The year was 1492 A.D., and the citizens of Rome wanted to expel the Jews. The Pope, being somewhat more openminded than his followers, decided to give the Jews a chance to be heard on this question, and challenged them to a public debate. The elders of the Jewish community considered the matter carefully. 

"We have many learned and erudite men among us," they reasoned, "but the Pope is also learned and erudite. By learning and erudition alone, we may not prevail. Perhaps we may prevail by common sense." So they chose the most commonsense man among them, a crusty old fellow named Moishe, to represent them. Moishe agreed, but on one condition: The debate must be held in silence, without words. 

Surprisingly, the Pope agreed. On the appointed day, the Pope and Moishe took the stage and seated themselves before the crowd. 

The Pope held up three fingers. 
Moishe held up one finger. 

The Pope pointed with his three fingers to the four horizons: East, South, West, and North. 
Moishe pointed with his one finger to the ground at their feet. 

After some moments, the Pope held up the elements of the Eucharist -- the wine and the wafer. 
Moishe immediately held up an apple. 

Suddenly, the Pope stood up and declared, "The debate is concluded.

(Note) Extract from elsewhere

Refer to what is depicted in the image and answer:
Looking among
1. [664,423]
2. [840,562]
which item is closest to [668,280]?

The Jews have won. The Jews can stay." 

Some days later, a cardinal finally got up the nerve to ask the Pope, "Your Holiness, just what exactly did you and Moishe say to each other?" 

"First," began the Pope, "I held up three fingers to symbolize the Trinity: Father, Son, and Holy Ghost. Then Moishe held up one finger to represent the essential Unity of God. Okay, so he got me on the first round. 

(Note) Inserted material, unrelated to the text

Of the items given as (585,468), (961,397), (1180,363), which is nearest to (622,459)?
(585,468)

"Next, I pointed to all the horizons to indicate that God is all around us. But Moishe pointed to the ground between us to indicate that God is right here with us. Okay, he got me again. 

"Finally, I held up the Eucharist to indicate the redemption of humankind through the sacrifice of our Lord Jesus Christ. But Moishe held up the apple to indicate the original sin of Adam and Eve that made that sacrifice necessary. I realized that he was right - that we are all one in Adam, and announced the Jews' victory." 

Not long after that, one of the rabbis asked Moishe the same question. 

"The Pope," said Moishe, "held up three fingers to say, 'The Jews must leave Rome in three days.' I held up one finger to say, 'Not one Jew will leave.' Then the Pope pointed to the horizons to say, 'The Jews must disperse into the wide world.' I pointed to the ground between us to say, 'We are staying right here!' Then," Moishe shrugged, "he held up his lunch, I held up mine, and it was all over."